- _Your instructions_: Please restate the listing that follows without changing anything.

-- Records provided follows --

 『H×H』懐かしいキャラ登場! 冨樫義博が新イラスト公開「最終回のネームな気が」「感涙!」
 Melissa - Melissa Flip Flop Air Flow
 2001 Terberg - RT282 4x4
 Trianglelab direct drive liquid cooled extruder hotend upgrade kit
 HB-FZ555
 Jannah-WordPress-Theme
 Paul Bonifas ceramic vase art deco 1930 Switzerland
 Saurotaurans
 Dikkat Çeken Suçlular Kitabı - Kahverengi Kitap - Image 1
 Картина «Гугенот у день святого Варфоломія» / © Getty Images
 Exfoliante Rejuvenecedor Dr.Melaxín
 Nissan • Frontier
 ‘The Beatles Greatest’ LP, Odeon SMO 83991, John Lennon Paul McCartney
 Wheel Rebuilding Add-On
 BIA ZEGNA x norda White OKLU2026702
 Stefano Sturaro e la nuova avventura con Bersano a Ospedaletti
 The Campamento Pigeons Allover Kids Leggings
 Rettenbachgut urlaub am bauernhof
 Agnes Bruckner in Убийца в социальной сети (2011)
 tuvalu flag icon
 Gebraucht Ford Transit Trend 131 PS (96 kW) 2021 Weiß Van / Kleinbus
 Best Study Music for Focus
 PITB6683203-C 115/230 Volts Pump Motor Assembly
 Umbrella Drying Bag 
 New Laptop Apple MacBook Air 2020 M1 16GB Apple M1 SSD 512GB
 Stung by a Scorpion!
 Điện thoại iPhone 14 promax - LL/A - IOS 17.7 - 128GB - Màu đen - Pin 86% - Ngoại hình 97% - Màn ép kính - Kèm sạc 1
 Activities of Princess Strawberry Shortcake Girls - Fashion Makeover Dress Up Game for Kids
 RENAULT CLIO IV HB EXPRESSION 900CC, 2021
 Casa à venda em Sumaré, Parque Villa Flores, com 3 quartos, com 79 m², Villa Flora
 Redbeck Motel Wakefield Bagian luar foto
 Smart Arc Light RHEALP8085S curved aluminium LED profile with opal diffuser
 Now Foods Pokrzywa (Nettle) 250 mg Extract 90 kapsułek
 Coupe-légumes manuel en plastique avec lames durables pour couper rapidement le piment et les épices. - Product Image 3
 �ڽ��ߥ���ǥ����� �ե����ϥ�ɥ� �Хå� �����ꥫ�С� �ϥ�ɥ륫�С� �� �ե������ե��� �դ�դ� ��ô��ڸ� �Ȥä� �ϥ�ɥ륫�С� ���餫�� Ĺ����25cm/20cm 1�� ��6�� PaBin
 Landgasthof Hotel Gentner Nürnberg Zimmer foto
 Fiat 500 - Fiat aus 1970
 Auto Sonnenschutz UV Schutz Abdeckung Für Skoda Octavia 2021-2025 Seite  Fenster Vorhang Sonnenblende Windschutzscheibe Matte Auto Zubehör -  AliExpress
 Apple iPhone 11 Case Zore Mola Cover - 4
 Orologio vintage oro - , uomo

-- Records provided concluded --

- _Response below_:
 『H×H』懐かしいキャラ登場! 冨樫義博が新イラスト公開「最終回のネームな気が」「感涙!」
 Melissa - Melissa Flip Flop Air Flow
 2001 Terberg - RT282 4x4
 Trianglelab direct drive liquid cooled extruder hotend upgrade kit
 HB-FZ555
 Jannah-WordPress-Theme
 Paul Bonifas ceramic vase art deco 1930 Switzerland
 Saurotaurans
 Dikkat Çeken Suçlular Kitabı - Kahverengi Kitap - Image 1
 Картина «Гугенот у день святого Варфоломія» / © Getty Images
 Exfoliante Rejuvenecedor Dr.Melaxín
 Nissan • Frontier
 ‘The Beatles Greatest’ LP, Odeon SMO 83991, John Lennon Paul McCartney
 Wheel Rebuilding Add-On
 BIA ZEGNA x norda White OKLU2026702
 Stefano Sturaro e la nuova avventura con Bersano a Ospedaletti
 The Campamento Pigeons Allover Kids Leggings
 Rettenbachgut urlaub am bauernhof
 Agnes Bruckner in Убийца в социальной сети (2011)
 tuvalu flag icon
 Gebraucht Ford Transit Trend 131 PS (96 kW) 2021 Weiß Van / Kleinbus
 Best Study Music for Focus
 PITB6683203-C 115/230 Volts Pump Motor Assembly
 Umbrella Drying Bag 
 New Laptop Apple MacBook Air 2020 M1 16GB Apple M1 SSD 512GB
 Stung by a Scorpion!
 Điện thoại iPhone 14 promax - LL/A - IOS 17.7 - 128GB - Màu đen - Pin 86% - Ngoại hình 97% - Màn ép kính - Kèm sạc 1
 Activities of Princess Strawberry Shortcake Girls - Fashion Makeover Dress Up Game for Kids
 RENAULT CLIO IV HB EXPRESSION 900CC, 2021
 Casa à venda em Sumaré, Parque Villa Flores, com 3 quartos, com 79 m², Villa Flora
 Redbeck Motel Wakefield Bagian luar foto
 Smart Arc Light RHEALP8085S curved aluminium LED profile with opal diffuser
 Now Foods Pokrzywa (Nettle) 250 mg Extract 90 kapsułek
 Coupe-légumes manuel en plastique avec lames durables pour couper rapidement le piment et les épices. - Product Image 3
 �ڽ��ߥ���ǥ����� �ե����ϥ�ɥ� �Хå� �����ꥫ�С� �ϥ�ɥ륫�С� �� �ե������ե��� �դ�դ� ��ô��ڸ� �Ȥä� �ϥ�ɥ륫�С� ���餫�� Ĺ����25cm/20cm 1�� ��6�� PaBin
 Landgasthof Hotel Gentner Nürnberg Zimmer foto
 Fiat 500 - Fiat aus 1970
 Auto Sonnenschutz UV Schutz Abdeckung Für Skoda Octavia 2021-2025 Seite  Fenster Vorhang Sonnenblende Windschutzscheibe Matte Auto Zubehör -  AliExpress
 Apple iPhone 11 Case Zore Mola Cover - 4
 Orologio vintage oro - , uomo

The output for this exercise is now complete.